How we cite our quotes: Citations follow this format: (Volume.Chapter.Paragraph)
Quote #4
"No wonder you have rather the look of another world. I marvelled where you had got that sort of face. When you came upon me in Hay Lane last night, I thought unaccountably of fairy tales, and had half a mind to demand whether you had bewitched my horse: I am not sure yet. Who are your parents?"
"I have none."
"Nor ever had, I suppose: do you remember them?"
"No."
"I thought not. And so you were waiting for your people when you sat on that stile?
"For whom, sir?"
"For the men in green: it was a proper moonlight evening for them. Did I break through one of your rings, that you spread that damned ice on the causeway?"
I shook my head. "The men in green all forsook England a hundred years ago," said I, speaking as seriously as he had done. "And not even in Hay Lane or the fields about it could you find a trace of them. I don’t think either summer or harvest, or winter moon, will ever shine on their revels more." (1.13.40-47)
At Jane’s second meeting with Rochester, he accuses her, playfully, of being a fairy or a sprite who enchanted his horse and caused the accident in which he sprained his ankle. Jane isn’t about to be outdone and banters with him readily and quick-wittedly, seeming to take fairy tales as seriously as he himself is pretending to do.
Although Jane’s unearthly fairy qualities are mostly a joke here, there is definitely something strange and uncanny about her quiet demeanor, plain dress, and strong personality. Rochester has met his match—and she is a little bit eerie.
Quote #5
Then my own thoughts worried me. What crime was this that lived incarnate in this sequestered mansion, and could neither be expelled nor subdued by the owner?—what mystery, that broke out now in fire and now in blood, at the deadest hours of night? What creature was it, that, masked in an ordinary woman’s face and shape, uttered the voice, now of a mocking demon, and anon of a carrion-seeking bird of prey? (2.5.54)
Whoa, suddenly we’re reading a Gothic novel! There’s a secret and unnamable crime at Thornfield that can’t be solved for mysterious reasons! Of course, we’ll find out that it is a human woman—we won’t call her ordinary—behind the arson and the bite wounds at Thornfield, not a demon or a vampire.
The most disturbing part of the story is that this terrible crime isn’t supernatural—just unnatural.
Quote #6
Presentiments are strange things! and so are sympathies; and so are signs; and the three combined make one mystery to which humanity has not yet found the key. I never laughed at presentiments in my life, because I have had strange ones of my own. Sympathies, I believe, exist (for instance, between far-distant, long-absent, wholly estranged relatives asserting, notwithstanding their alienation, the unity of the source to which each traces his origin) whose workings baffle mortal comprehension. And signs, for aught we know, may be but the sympathies of Nature with man. (2.6.1)
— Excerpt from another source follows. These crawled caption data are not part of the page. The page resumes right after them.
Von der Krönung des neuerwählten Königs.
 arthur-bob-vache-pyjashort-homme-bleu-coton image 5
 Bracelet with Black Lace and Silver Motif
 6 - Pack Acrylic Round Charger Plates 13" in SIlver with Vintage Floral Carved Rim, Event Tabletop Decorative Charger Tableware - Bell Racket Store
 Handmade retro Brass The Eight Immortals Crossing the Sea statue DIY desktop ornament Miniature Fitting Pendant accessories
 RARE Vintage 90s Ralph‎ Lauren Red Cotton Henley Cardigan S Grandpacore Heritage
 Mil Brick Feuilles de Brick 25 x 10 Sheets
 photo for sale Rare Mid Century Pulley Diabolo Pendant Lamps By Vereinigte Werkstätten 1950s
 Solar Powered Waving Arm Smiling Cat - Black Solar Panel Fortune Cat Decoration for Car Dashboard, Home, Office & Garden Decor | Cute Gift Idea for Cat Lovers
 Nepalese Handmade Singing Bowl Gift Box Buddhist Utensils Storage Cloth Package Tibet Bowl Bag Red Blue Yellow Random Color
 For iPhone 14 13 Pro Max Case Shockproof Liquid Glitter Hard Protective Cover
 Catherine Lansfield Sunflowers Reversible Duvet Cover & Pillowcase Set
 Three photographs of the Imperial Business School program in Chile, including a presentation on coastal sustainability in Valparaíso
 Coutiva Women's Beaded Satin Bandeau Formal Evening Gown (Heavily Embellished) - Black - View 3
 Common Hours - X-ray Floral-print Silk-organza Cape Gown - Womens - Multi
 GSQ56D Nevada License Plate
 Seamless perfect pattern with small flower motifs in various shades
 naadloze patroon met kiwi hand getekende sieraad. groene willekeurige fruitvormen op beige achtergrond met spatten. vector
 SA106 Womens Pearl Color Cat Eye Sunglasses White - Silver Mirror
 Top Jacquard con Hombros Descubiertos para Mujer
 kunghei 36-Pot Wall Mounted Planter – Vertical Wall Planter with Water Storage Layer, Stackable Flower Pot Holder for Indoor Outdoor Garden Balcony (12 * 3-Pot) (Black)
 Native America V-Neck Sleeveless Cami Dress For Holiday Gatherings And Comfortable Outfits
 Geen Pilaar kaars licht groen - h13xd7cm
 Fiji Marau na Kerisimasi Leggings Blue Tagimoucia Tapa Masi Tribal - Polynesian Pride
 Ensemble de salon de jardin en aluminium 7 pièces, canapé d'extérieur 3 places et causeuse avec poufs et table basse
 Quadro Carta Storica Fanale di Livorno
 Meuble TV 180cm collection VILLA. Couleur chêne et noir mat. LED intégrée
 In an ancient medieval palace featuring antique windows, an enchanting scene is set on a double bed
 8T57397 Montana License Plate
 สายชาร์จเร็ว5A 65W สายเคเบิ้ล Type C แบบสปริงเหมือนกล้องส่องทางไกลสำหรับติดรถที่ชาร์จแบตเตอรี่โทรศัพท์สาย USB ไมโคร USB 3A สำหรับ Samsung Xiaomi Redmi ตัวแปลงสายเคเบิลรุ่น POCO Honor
Foreshadowing’s a strange thing too, and so is symbolism, and so are little hints from the author about supernatural tricks she’ll use later to bring the main characters back together when they’re dozens of miles apart. Erm, what’s that called? Yeah, a deus ex machina.
This passage is important because it’s one of the only moments that Jane actually claims to the reader that she does believe in some kind of supernatural foreknowledge and also a psychic connection between people. Still, Jane suggests that these seemingly supernatural connections may have natural explanations that we just don’t know about.